On October 15, 2012, the Canadian Minister of Finance tabled in
the House of Commons a Notice of Ways and Means Motion to implement
proposed tax changes first announced in the March 29, 2012 federal
budget and included in draft legislation released on August 14,
The proposed tax changes include the so-called "foreign
affiliate dumping rules", which the Government describes as
"restricting the ability of foreign-based multinational
corporations to transfer or 'dump' foreign affiliates into
their Canadian subsidiaries, while preserving the ability of these
subsidiaries to undertake legitimate expansions of their Canadian
businesses." In the budget papers, these proposals were
described as "important to ensure that cross-border investment
is not used to erode the corporate tax base...without providing any
significant economic benefit to Canadians." While those
general policy objectives are legitimate, the legislation itself
goes well beyond those objectives and will likely deter legitimate
foreign investment into Canada.
As drafted, the foreign affiliate dumping rules will apply to
many investments that do not erode the Canadian tax base and will
significantly impede, if not preclude entirely, the ability of many
foreign-controlled Canadian corporations, including public
corporations, to expand their businesses abroad. The legislation
presumes that any investment by a Canadian corporation in a
non-Canadian subsidiary involves one of the targeted tax-motivated
transactions where the Canadian corporation is controlled by a
foreign company. Consequently, it ignores the fact that it is quite
common for foreign investors to invest in international operations
through Canadian companies for non-tax reasons. This is
particularly true in the mining sector where, because of the strong
worldwide reputation of Canadian mining companies, Canadian mining
expertise and Canadian capital markets, Canadian corporations are
often formed to acquire or hold foreign mining ventures in order to
gain access to such expertise and capital.

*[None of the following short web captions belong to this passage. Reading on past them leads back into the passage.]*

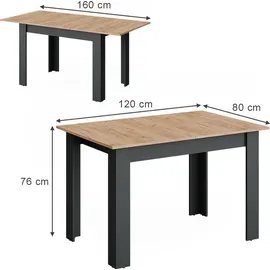 Vicco Esstisch Repose, Anthrazit/Goldkraft Eiche, 160 x 80 cm ausziehbar,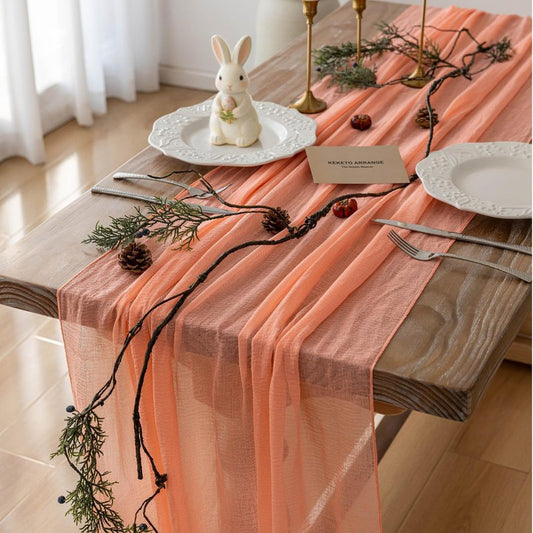 Keketoarrange Fresh Salmon Spring Cheesecloth Table Runner Mothers Day Decor Peach Echo Gauze 120 Inch 10 FT Boho Table Runner for Wedding Baby Shower Bridal Shower Party Sheer Summer Home Decorations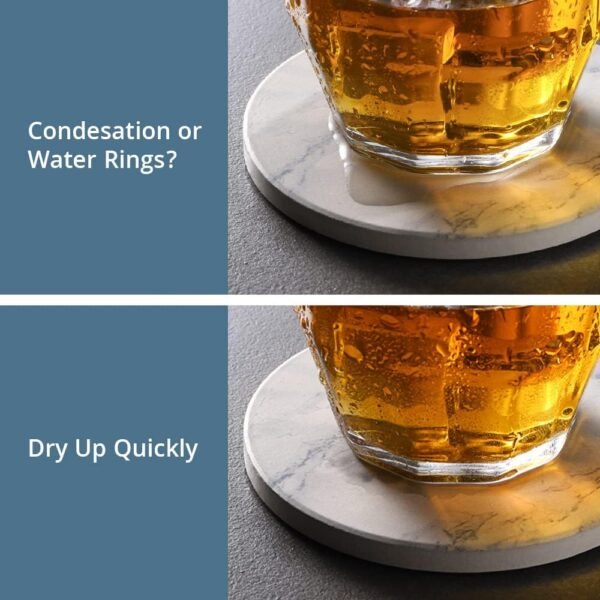 LIFVER Dessous de Verre, Lot de 6 sous Verre avec Support, Absorbants Coaster en Céramique Antidérapants pour la Maison, Le Café et Les Bars - Dessous de Verre à Motif de Marbre Blanc – Image 5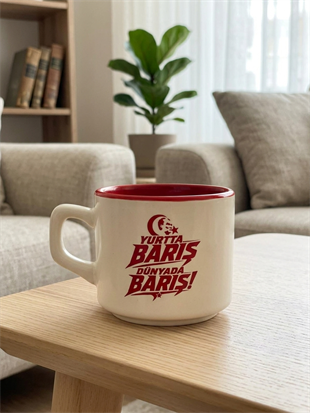 Yurtta Barış Dünyada Barış! Beyaz Venüs Kupa - Hediyelik Kupa Fincan Mug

Numerous organizations made submissions to the Department of
Finance pointing out the overly broad scope of the rules as well as
numerous instances where certain relieving provisions are
technically inapplicable resulting in traps for the unwary. While a
few of the concerns raised with respect to earlier versions of the
draft legislation have been addressed in the legislation tabled
yesterday, the rules remain rife with anomalies, traps and errors.

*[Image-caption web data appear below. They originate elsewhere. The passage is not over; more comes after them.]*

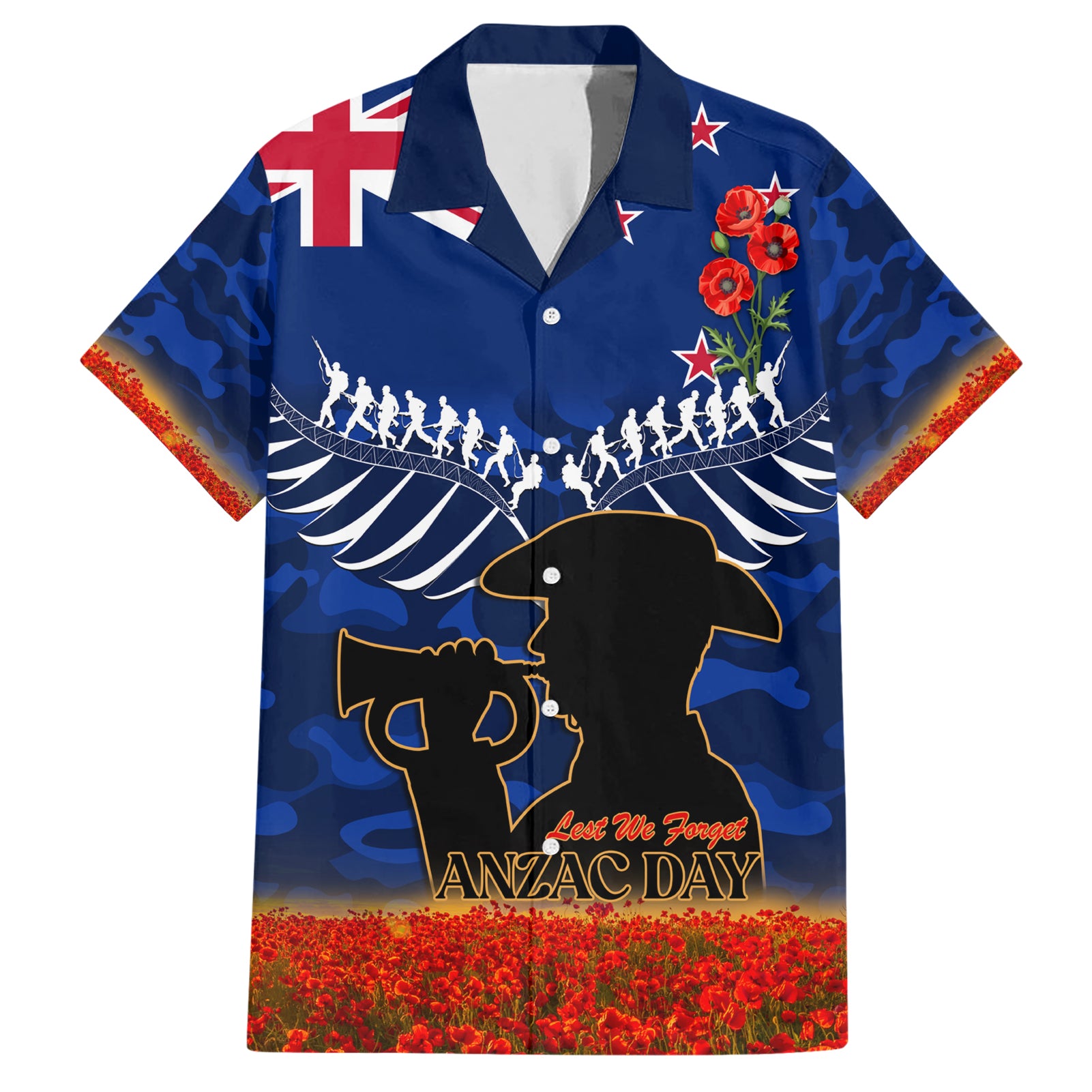 New Zealand ANZAC Day Hawaiian Shirt 25 April Last Post Camouflage With Poppies - Vibe Hoodie Shop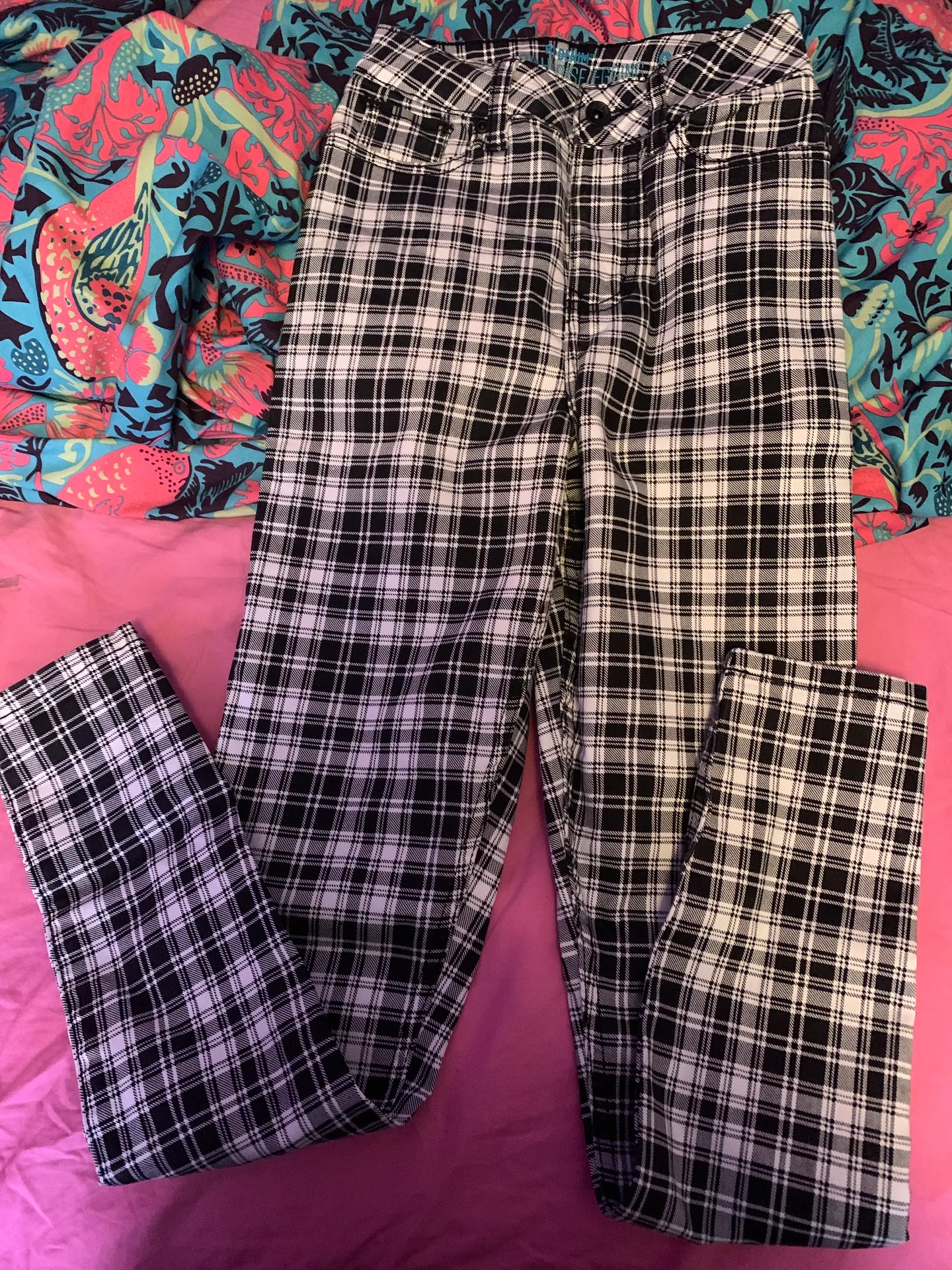 Hot Topic Plaid Skinny Jeans - Image 2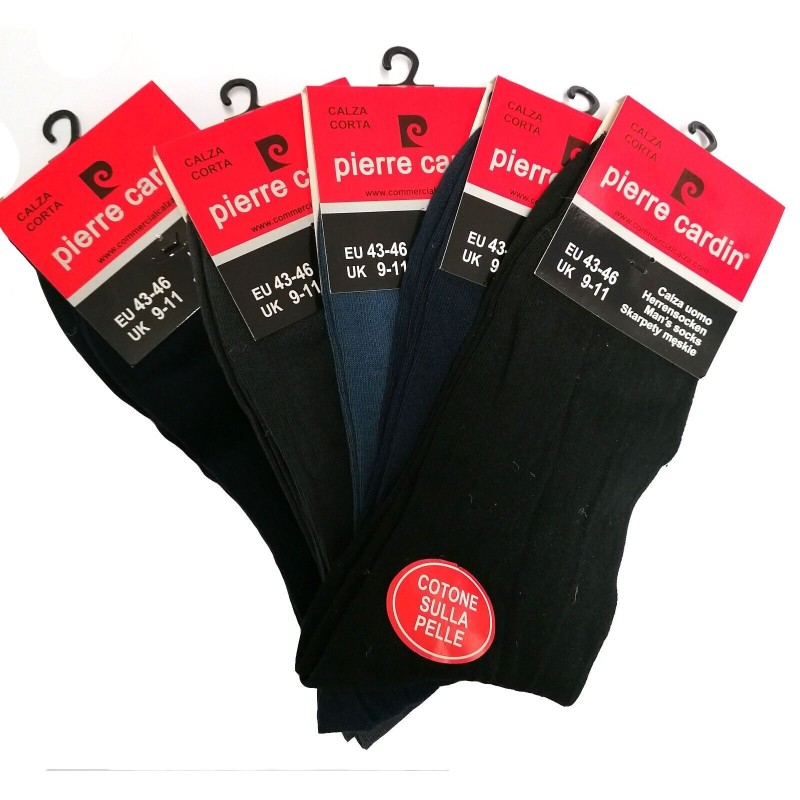 5 Paia Calze Uomo corta El-charro Nera Morbido Cotone Calzino classico tinta uni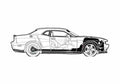 Blueprint Dodge Challenger SRT8 Coupe 2008 A4 Photo Print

Unfortunately, and notwithstanding the serious concerns raised by
many organizations, the Government appears determined to enact the
rules as currently drafted.
The legislation tabled in the House of Commons yesterday also
includes, among other things, amendments affecting certain
transactions involving partnerships and tightening up the Canadian
thin capitalization rules affecting the ability of Canadian
corporations to deduct interest on debt owed to certain
The foreign affiliate dumping rules and other important recent
Canadian tax developments will be considered in more detail in a
forthcoming Davies Perspective.
The content of this article is intended to provide a general
guide to the subject matter. Specialist advice should be sought
about your specific circumstances.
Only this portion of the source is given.